## GIVEN DATA:
Content starts

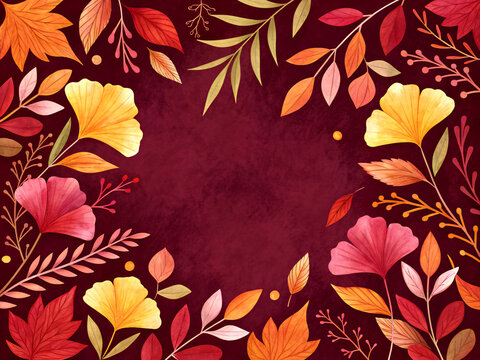 autumn leaves background. leaf, pattern, autumn, seamless, vector, floral, nature, design, illustration, wallpaper, flower, fall, art, plant, leaves, texture, decoration, orange, season, yellow, folia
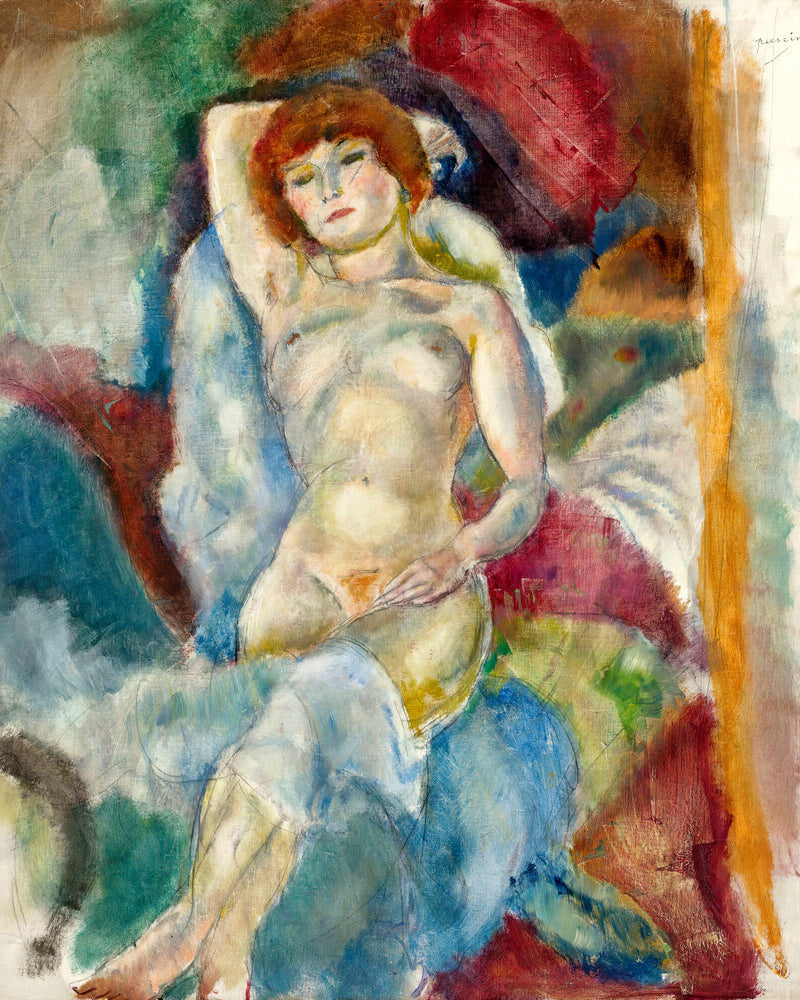 Jules Pascin Print, Nu, Le Bras Levé (1916) as an unframed print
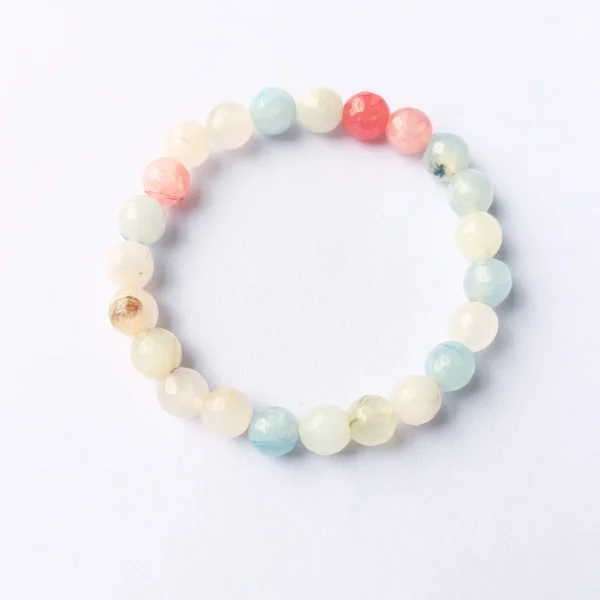 Cotton Candy Cloud Whisper Agate Bracelet, Handmade women's fashion bracelet with unique design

Content ends

## YOUR TASK:
When the listing is transcribed, every line must match the original exactly, and the pictures must be left out.

## EXERCISE RESULT:
 autumn leaves background. leaf, pattern, autumn, seamless, vector, floral, nature, design, illustration, wallpaper, flower, fall, art, plant, leaves, texture, decoration, orange, season, yellow, folia
 Jules Pascin Print, Nu, Le Bras Levé (1916) as an unframed print
 Cotton Candy Cloud Whisper Agate Bracelet, Handmade women's fashion bracelet with unique design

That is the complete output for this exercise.